Last week I was in Dublin Ireland to participate in the Datalex Users Conference. Datalex is a long time client of Travel Tech Consulting. The conference has a small number of attendees (50-60) consisting of Datalex customers and prospects, but the quality of the attendees and depth of the sessions was very impressive. I had the pleasure of siting next to Jim Young who opened the conference with some provocative observations about industry trends. Jim, most recently of Frontier Airlines can truly be called an industry pioneer. At Frontier he was instrumental in implementing fare families, at IHG he was the executive that pulled inventory from Expedia and then renegotiated a new agreement which included a mix of content and advertising benefits and while at Continental he pioneered the direct distribution model during the turbulent 2005 period.
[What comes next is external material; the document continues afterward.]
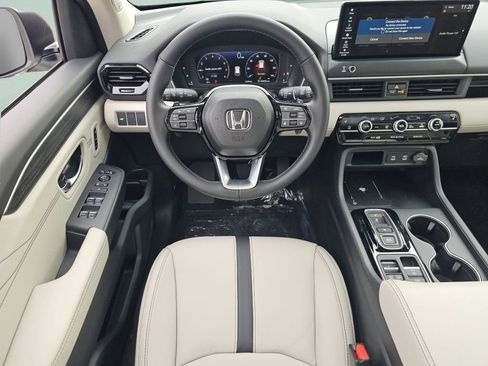 New 2026 Honda Pilot Touring image 11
Also in attendance was Mark Rosenberg who recently left Air Canada, where he redefined the distribution landscape with the idea of a fare family and pushed the GDS to accommodate this new model.
Day 1 was all about ancillary revenue. Jay Sorensen, President of IdeaWorks presented the results from a new Ancillary Revenue Guide that he just published. The discussion was lively with different airline executives from American, Continental and Frontier debating the various approaches to ancillary revenue. As an observer, I had to comment that all these ancillary revenue strategies often result in a single customer reaction, paying for services formally free (baggage, meals and in the case of Ryan Air on board toilets!). There is no question in my mind that this current focus on ancillary revenue represents a permanent change in the way all airlines market their product. Fare families (also known as branded fares) breaks the long held practice of yield management by associating services with different fare categories regardless of seat class availability. This will likely impact all sectors from distribution (how GDS and intermediaries display these fare groupings) to corporate travelers (will corporate travel negotiations now center around services as much as discounts?) and even meta-search as the Kayak and Fly.coms of the world struggle with showing airfare comparisons when branded fares associate price with service characteristics.
On Day 2 I gave a talk on mobile. By the response of the audience I realized that the airline executives still do not get the impact of mobile. The main response was about how difficult it would be to sell a mobile project to airline senior management. This was an odd discussion from my vantage point as the prior day's focus on ancillary revenue ties directly in to the opportunity with mobile. It looks like the major carriers will have to catch up on the mobile revolution and risk the possibility that a new intermediary will emerge on the mobile platform adding additional distribution costs and separating the end traveler from the supplier once again.